Discussion in 'Pickups & Electronics [BG]' started by Microbass, Sep 22, 2002.


  1. Hey all, I'm finally getting that new pickgaurd, and I've deicded I'm ripping all the wires out, and putting in new ones !

    I'm begginning to think these wires are cheap, and nasteh, and probably a too light of gauge, now what I wnat to know is.. WHICH brand would give a warm kidna tone? Would it make a difference in tone?!
    And most importantly! What gauges? ;)


    Cheers ! :D
     
  2. Ívar Þórólfsson

    Ívar Þórólfsson Mmmmmm... Supporting Member

    Apr 9, 2001
    Kopavogur, Iceland
    What wires are you talking about?

    Are you talking about the strings or the wires which connect the electronics with the pickups?
     
  3. Lol.. Sorry didnt think about that..

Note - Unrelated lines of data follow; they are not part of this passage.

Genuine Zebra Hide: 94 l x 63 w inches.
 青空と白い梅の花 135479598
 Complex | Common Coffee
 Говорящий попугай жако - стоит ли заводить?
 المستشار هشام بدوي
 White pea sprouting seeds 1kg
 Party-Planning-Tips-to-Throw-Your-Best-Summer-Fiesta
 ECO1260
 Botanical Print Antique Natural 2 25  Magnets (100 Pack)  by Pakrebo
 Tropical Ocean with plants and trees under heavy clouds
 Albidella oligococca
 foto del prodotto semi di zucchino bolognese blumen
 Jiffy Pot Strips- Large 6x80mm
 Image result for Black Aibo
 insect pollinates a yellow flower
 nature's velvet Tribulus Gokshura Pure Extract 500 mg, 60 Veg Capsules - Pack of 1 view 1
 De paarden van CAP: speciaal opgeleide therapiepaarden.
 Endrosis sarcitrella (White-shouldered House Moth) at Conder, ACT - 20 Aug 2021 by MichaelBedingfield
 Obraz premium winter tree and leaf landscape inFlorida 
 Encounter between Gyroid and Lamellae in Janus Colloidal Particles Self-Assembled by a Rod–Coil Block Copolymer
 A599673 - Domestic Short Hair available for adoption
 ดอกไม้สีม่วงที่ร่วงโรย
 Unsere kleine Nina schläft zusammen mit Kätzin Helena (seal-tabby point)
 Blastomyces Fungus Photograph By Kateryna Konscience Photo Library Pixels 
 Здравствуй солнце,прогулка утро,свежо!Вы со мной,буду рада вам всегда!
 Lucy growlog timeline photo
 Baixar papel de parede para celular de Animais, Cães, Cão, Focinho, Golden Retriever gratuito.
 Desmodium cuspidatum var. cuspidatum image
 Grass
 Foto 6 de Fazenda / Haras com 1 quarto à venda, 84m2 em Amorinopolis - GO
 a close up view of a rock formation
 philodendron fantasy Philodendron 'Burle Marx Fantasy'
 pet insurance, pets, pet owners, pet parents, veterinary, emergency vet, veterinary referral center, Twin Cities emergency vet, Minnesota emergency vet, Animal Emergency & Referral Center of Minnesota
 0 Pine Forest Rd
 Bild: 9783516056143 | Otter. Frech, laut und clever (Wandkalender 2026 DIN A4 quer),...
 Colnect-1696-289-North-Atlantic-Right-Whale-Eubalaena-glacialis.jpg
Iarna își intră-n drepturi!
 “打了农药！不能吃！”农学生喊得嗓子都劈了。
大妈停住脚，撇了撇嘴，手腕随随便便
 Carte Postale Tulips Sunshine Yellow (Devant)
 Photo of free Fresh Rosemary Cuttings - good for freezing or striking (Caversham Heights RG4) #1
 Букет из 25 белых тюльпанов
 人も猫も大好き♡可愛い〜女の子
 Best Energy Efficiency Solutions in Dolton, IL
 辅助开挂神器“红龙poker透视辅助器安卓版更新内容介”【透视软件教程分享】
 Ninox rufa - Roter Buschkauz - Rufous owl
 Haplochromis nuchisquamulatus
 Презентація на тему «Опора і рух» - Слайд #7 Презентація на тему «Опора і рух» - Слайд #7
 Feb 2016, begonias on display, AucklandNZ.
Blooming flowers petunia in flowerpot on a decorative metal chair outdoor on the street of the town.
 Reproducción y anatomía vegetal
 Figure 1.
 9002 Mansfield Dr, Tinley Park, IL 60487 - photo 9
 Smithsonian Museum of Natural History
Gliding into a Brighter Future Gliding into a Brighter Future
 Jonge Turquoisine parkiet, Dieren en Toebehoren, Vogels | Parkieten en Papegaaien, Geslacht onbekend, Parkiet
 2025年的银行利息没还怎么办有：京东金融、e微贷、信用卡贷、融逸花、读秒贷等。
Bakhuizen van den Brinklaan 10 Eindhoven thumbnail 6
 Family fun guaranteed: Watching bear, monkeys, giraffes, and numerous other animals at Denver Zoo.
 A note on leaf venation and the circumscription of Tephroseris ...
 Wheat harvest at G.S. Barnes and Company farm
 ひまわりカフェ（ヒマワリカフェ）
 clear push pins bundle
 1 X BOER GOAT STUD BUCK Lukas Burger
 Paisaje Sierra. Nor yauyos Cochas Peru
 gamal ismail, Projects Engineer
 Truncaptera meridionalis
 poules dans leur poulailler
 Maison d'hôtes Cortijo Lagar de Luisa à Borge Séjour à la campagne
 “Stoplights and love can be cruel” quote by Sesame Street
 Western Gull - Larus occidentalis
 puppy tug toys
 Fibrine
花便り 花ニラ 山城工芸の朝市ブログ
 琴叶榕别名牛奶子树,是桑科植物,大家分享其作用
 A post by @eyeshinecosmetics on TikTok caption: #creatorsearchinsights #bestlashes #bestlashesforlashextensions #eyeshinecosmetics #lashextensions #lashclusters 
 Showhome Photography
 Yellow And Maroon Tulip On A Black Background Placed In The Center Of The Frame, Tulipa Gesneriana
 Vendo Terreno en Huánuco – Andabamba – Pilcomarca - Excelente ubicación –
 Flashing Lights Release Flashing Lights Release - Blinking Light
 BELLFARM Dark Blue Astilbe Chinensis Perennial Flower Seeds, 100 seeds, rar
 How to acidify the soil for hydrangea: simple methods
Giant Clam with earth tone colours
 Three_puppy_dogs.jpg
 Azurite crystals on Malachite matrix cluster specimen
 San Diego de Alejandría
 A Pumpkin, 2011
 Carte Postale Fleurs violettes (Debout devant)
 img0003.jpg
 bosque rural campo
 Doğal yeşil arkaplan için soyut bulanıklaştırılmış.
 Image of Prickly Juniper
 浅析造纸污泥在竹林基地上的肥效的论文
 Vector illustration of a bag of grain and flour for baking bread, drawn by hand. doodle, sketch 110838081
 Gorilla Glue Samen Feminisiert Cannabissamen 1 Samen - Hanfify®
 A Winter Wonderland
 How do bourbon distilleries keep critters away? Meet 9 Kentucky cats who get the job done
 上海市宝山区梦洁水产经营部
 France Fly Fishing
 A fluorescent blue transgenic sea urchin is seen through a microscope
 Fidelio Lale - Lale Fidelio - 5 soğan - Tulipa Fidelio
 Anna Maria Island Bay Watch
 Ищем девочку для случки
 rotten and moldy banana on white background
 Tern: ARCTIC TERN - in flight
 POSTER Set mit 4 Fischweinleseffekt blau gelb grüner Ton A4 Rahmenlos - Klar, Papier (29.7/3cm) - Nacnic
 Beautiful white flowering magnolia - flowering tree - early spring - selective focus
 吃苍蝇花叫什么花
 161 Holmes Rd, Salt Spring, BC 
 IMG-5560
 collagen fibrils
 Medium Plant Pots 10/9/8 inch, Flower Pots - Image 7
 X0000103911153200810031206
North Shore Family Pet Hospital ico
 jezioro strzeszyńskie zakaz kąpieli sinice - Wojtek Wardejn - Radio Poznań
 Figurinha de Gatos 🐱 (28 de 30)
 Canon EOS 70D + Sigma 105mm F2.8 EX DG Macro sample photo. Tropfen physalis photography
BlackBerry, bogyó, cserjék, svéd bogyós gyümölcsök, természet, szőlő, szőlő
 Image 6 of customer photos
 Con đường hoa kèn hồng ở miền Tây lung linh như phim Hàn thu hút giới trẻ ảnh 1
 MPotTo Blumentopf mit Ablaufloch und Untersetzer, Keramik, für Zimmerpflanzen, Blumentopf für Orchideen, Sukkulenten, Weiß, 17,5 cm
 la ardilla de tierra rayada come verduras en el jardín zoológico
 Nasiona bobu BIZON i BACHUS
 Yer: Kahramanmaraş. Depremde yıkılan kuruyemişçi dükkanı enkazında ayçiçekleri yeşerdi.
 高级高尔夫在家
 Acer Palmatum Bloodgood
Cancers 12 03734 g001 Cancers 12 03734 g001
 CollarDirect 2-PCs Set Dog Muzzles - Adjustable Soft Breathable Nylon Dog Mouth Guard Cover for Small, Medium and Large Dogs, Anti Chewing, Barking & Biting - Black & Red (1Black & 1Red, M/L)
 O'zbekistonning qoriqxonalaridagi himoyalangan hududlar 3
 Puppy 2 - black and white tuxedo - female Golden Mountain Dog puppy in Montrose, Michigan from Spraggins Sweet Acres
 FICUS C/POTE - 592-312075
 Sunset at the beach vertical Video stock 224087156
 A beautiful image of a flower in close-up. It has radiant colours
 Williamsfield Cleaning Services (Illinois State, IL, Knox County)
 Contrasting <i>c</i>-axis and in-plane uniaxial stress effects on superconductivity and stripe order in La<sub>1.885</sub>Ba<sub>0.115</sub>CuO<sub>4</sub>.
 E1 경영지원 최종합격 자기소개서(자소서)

    Yes, I am talking about the electronical part of the bass... earthing, pickups and preamp..

    Cheers :D
     
  4. Ívar Þórólfsson

    Ívar Þórólfsson Mmmmmm... Supporting Member

    Apr 9, 2001
    Kopavogur, Iceland
    OK.....

    I might be wrong but I don´t think that different gauges of wire make the bass sound warmer or anything like that, nor will it make any difference in tone.

    But cheap wires as such can make the pickups noisy or make them suspectable to interferance.

    I recommend you go to your local electronics dealer and explain what you want to do and have them recommend appropiate wires for you.
     
  5. better wires won't make a difference in tone (i.e. warmer or brighter), but they will eliminate loss of signal and reduction in noise which will translate to a better sound.

    Icez touched on most of this...i'm just elaborating
     
  6. It wont make too much of a difference. Unless the bass is old and you wish to replace them. Technology has improved considerably and may reduce some noise. But eh not really. Just make sure you get i think its gauge 21 (it may be different in Australia), its braided, as in lots of strands and no shielding.

    Make sure you twist and tin the ends of the wires before you solder, and make sure there is enough slack and stress relief on the wiring.

    :D:D

    Merls
     
  7. Cheers guys!

    Merlin, I always "tin" the wires - instead of twisting them, I put solder on the wire, before I attach it to anything... My dad tought me this..
     
  8. good good, yes twist and tin them. If you need to bend any of the wire ends, use a small pair of needle nose pliers. Depends on how good you want it. The place where i study is sooo anal about it.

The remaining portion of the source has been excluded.